Türk bankacılık sektöründe, tüketimi ve cari açığı kontrol altına almak üzere uygulanan makro-ihtiyati önlemlerin ve regülasyonların etkileri, yıl boyunca gerek kredi büyümesi gerekse kârlılık üzerinde hissedildi.
Sektördeki kredi büyümesi 2013 yılındaki %32 seviyesinden %18’e yavaşlayarak, uzun vadede sağlıklı ve sürdürülebilir bir seviyede kaldı. Kredi büyümesindeki yavaşlamanın yanı sıra büyümenin kompozisyonu da değişti. En belirgin yavaşlama, alınan tedbirlere paralel, tüketici kredilerinde ve kredi kartlarında gerçekleşti. 2014 yılında büyümeyi en çok destekleyen alan %27 artışla TL işletme kredileri oldu. Ekonomideki yavaşlama ve regülasyonların etkisi en çok kredi kartlarında artan sorunlu kredilerde hissedildi. Toplam takipteki krediler oranı %2,75 seviyesine kısmi bir artış gösterse de, sektördeki güçlü aktif kalitesi korundu. Geçen yıla göre yüksek seyreden fonlama maliyetleri, yavaşlayan kredi büyümesi ve yasal düzenlemeler, sektörün kârlılığı üzerinde baskı oluşturdu, net faiz marjında yaklaşık 20 puan daralma meydana geldi.

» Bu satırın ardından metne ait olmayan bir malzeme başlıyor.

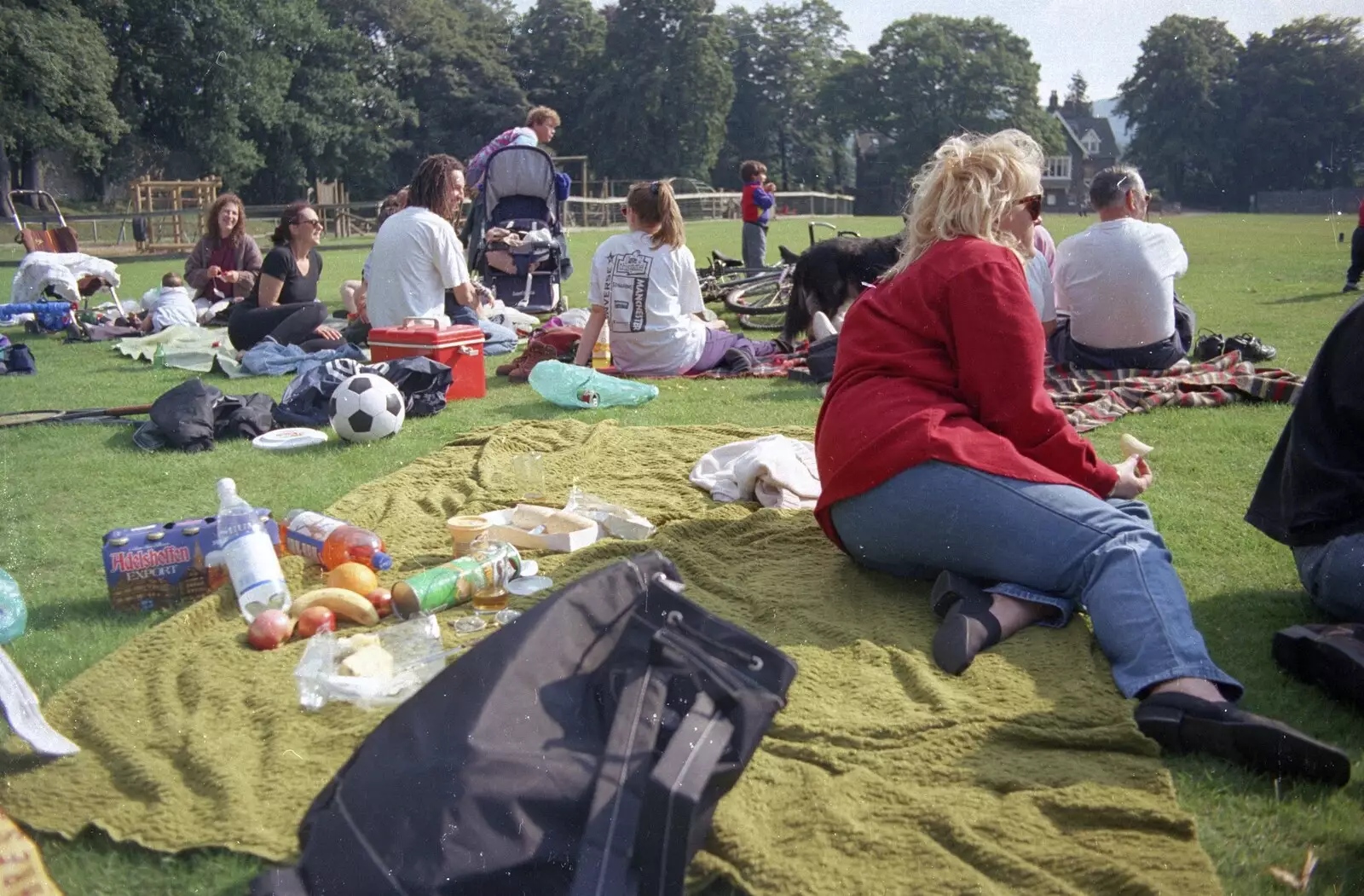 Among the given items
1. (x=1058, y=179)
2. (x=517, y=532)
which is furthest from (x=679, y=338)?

Garanti BBVA olarak bu zorlu dönemde, sürdürülebilir büyüme odağımızla, müşterilerimizi tüm ürün ve hizmetlerimizin kalbinde tutup, hayatlarının içine entegre olmuş bir bankacılık deneyimi sunmayı hedefledik. Bu doğrultuda, Türkiye’nin tüm illerindeki şubelerimiz ve her an rahatça ulaşılan dijital kanallarımızla, müşterilerimizi dinlemeye ve finansal ihtiyaçlarına çözümler üretmeye devam ettik. Bilançomuzu başarılı bir şekilde yöneterek, sahip olduğumuz sağlam aktif kalitesi, güvenli likidite seviyesi ve güçlü sermaye yapısıyla, 2014 yılında da güçlü performansımızı sürdürdük.
Kredilerde, öngörülerimiz doğrultusunda, izlediğimiz disiplinli büyüme stratejilerimizle hedeflerimize ulaştık. Özellikle odaklandığımız Türk Lirası kredilerde, konsolide bazda %16 seviyesinde bir büyüme gerçekleştirdik. Yabancı Para krediler tarafında, 2014’teki bazı yatırımların, global ve yerel gelişmelere paralel olarak sonraki dönemlere ötelenmiş olması nedeniyle, öngörümüzün altında bir büyüme gerçekleşirken, toplam kredi büyüklüğümüz 143 milyar TL’ye ulaştı. Kredilerimiz büyürken, aktif kalitesinde sektörün üzerindeki güçlü performansımızı sürdürdük. Takipteki kredi oranımız, sektör ile karşılaştırılabilir konsolide olmayan finansal sonuçlara göre %2,41 seviyesinde gerçekleşti.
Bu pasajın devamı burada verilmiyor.